Koordinator Forum Rakyat Bali Tolak Reklamasi (ForBALI), I Wayan ‘Gendo’ Suardana mengawali orasinya di hadapan ribuan massa. Dia menyoroti isu yang menyatakan dana kampanye ForBali dipertanyakan oleh Presiden Joko Widodo, seperti diberitakan di salah satu media online. Menurutnya, itu merupakan salah satu propaganda untuk menurunkan semangat rakyat untuk melakukan perlawanan.
"Media propaganda seperti itu jangan kita hiraukan, mereka hanya ingin menurunkan semangat kita. Tapi kita lihat saat ini, semakin kita dipropaganda kita semakin kuat untuk melakukan puputan. Saya yakin masyarakat dan desa adat tidak akan pernah surut memperjuangkan penolakan terhadap reklamasi Teluk Benoa," kata Gendo.
Dia juga menegaskan bahwa fitnah-fitnah yang dibuat oleh antek-antek investor akan semakin membuat masyarakat bergeliat. Gendo juga menantang Pusat Pelaporan dan Analisis Transaksi Keuangan (PPATK) untuk mengaudit dana yang dikeluarkan oleh desa adat dan ForBALI yang selama ini dipakai untuk melakukan aksi tolak reklamasi Teluk Benoa selama 4 tahun terakhir. "Kami masyarakat akan bertanggung jawab mengenai dana kampanye yang kita lakukan 4 tahun terakhir. Katanya Pak Jokowi bertanya darimana asal dana kami. Kami siap di audit. Tapi setelah itu, kami juga minta PPATK untuk melakukan audit dana investor yang sudah habis hingga Rp 1 triliun untuk rencana reklamasi ini," teriak Gendo.
Sementara itu, Bendesa Adat Tanjung Bungkak, I Ketut Sweden, dalam orasinya menyatakan reklamasi atau pengurugan Teluk Benoa akan berdampak negatif terhadap alam ini. "Ketakutan kita ketika nantinya Teluk Benoa diurug maka kawasan suci Teluk Benoa akan menjadi korban. Kekhawatiran orang Bali imbas alam yang akan terjadi dirasakan oleh masyarakat Bali sendiri," ujarnya.

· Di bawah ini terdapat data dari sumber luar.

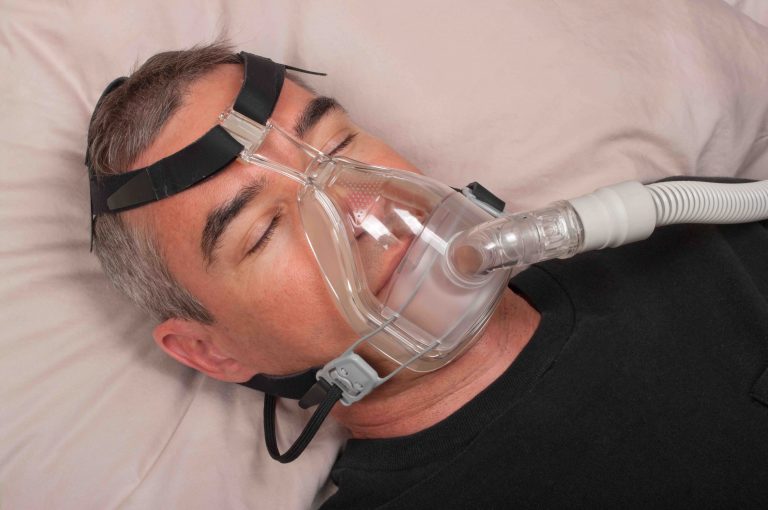 Man Sleeping With CPAP Machine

Aksi damai tolak reklamasi Teluk Benoa juga diisi dengan atraksi Tarian Baruna Murti dari Desa Adat Sumerta dan Tanjung Bungkak. Pementasan Baruna Murti merupakan simbol dimana Sang Hyang Baruna agar tidak murka ketika manusia melewati batas alam yakni merusak kekayaan alam dan kesucian Teluk Benoa.
"Tarian ini kita ambil dari konsep Tri Hita Karana dimana kita di masyarakat Bali menganut konsep tersebut yakni parhyangan, pawongan, dan palemahan. Menjaga hubungan baik dengan Tuhan, Manusia, dan Alam. Nah inilah yang harus kita jaga terutama pada palemahan seperti yang kita perjuangkan saat ini," ujar Bendesa Adat Sumerta Wayan Batuantara.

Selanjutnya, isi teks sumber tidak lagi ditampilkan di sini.